[EAS] Oroville Dame Evacuation

Sean Donelan sean at donelan.com
Mon Feb 13 15:29:25 CST 2017


Let's start with FCC Commissioner Ajit Pai (now FCC Chairman) statement 
about the over-alerting topic, in particular flash flood warnings.

https://apps.fcc.gov/edocs_public/attachmatch/FCC-16-127A5.pdf

    For instance, as Louisiana was drenched by catastrophic floods this
    August, officials used WEA to send out at least six flash flood alerts.
    But as the FCC's Communications Security, Reliability and
    Interoperability Council (CSRIC) determined, the alerts "went un-heeded
    by tens of thousands" of people.  Residents ignored the messages
    because they had previously received flood alerts that only applied to
    homes located within a traditional flood zone. According to CSRIC, this
    time around people "assumed the alert was not for them since their home
    had never flooded before." In the end, over 30,000 people had to be
    rescued.

Major broadcast groups of radio and TV stations, as well as major cable 
systems, tend to react to problems across their entire corporations; not 
by looking a single county or a single weather office.  And since EAS is 
mostly automated, no human reads individual EAS messages from the weather 
service.  So when NWS offices anywhere in the country send lots EAS 
messages for low-impact events, EAS participants tend to ignore that EAS 
event code as "low-impact, high-annoyance."
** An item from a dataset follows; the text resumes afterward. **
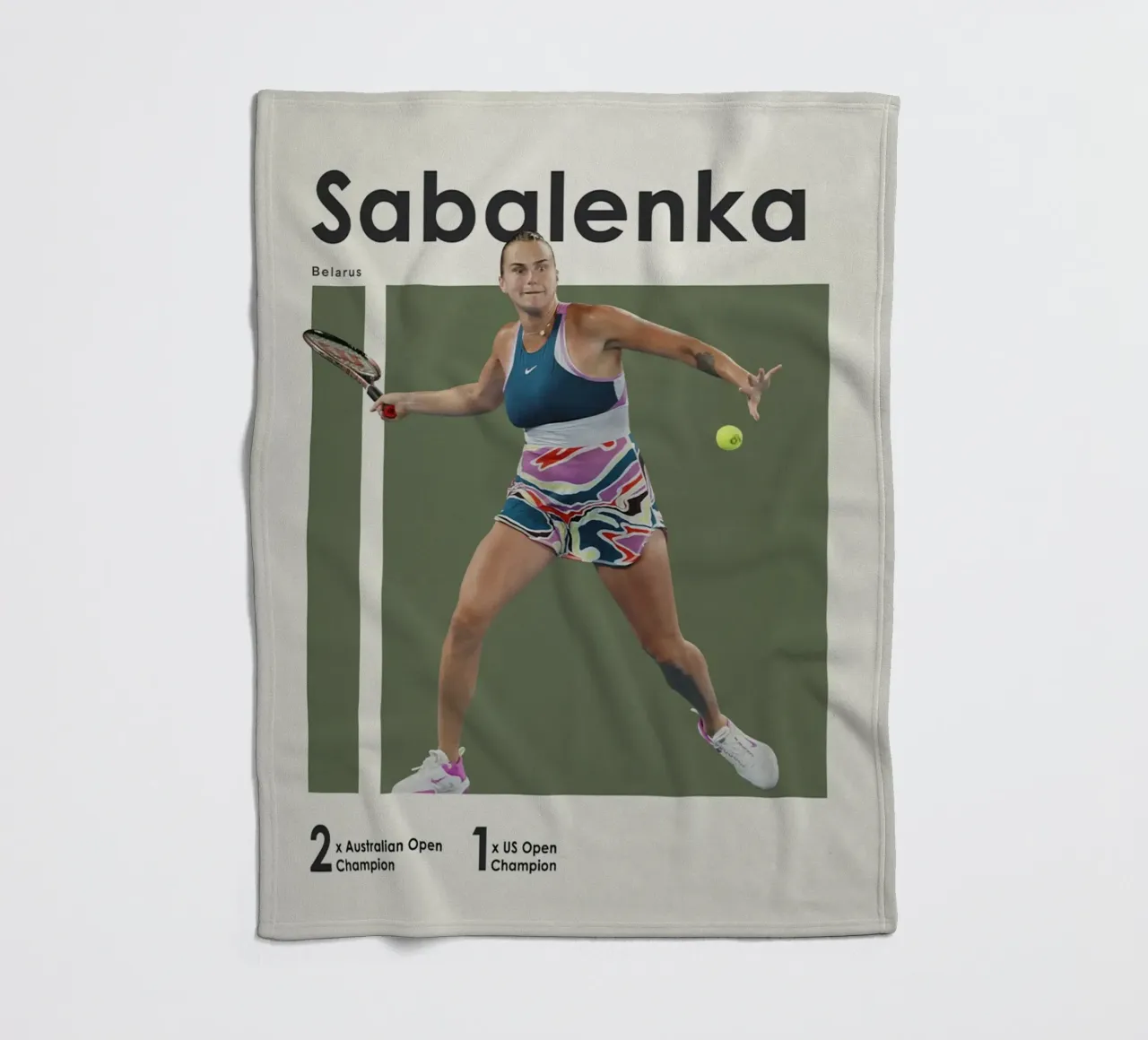 Poster del vincitore Aryna Sabalenka coperta in pile da aijanurmine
In other words, because the boy that cried wolf too often elsewhere in the 
country, it has an impact on broadcast and cable systems EAS participation 
everywhere in the nation.

On the other hand, I think major broadcast and cable groups are willing to 
configure EVI (Immediate Evacuation) for automatic, immediate forwarding 
because EVI is used infrequently, and almost only for imminent, 
life-threatening events. If EVI was used for non-imminent messages, e.g. 
information about ferry service tomorrow, they stop forwarding EVI also.

On Mon, 13 Feb 2017, Alexander Tardy - NOAA Federal wrote:
> I looked at the particular office in this discussion and it has issued 
> one (1) flash flood warning (EAS/WEA) in 2017 with places north of the 
> Oroville Dam having received 110 inches of rainfall since October 1. I 
> looked back in 2015 and 2016 and the total was 5 and 4 each year for 
> that office.
>
> How is 1 FFW message in 2017, for the structural issues of Oroville Dam 
> within the counties evacuation orders, over warning or not helpful or 
> not worthy to broadcast?
>
> Yes, I am aware of the monsoon season in southern California which is 
> entirely different scope both spatially and temporal often having 10s of 
> individual real flash flood events requiring separate notification 
> through out July to September season. The fact that the entire county 
> and thus the listening area in the counties (large or small) gets an 
> EAS message is the old part of the process. Yes we have work to fix the 
> challenge of a different climate and impact for Socal, but using this as 
> a reason to not forward messages on a completely unrelated
> matter is not public service.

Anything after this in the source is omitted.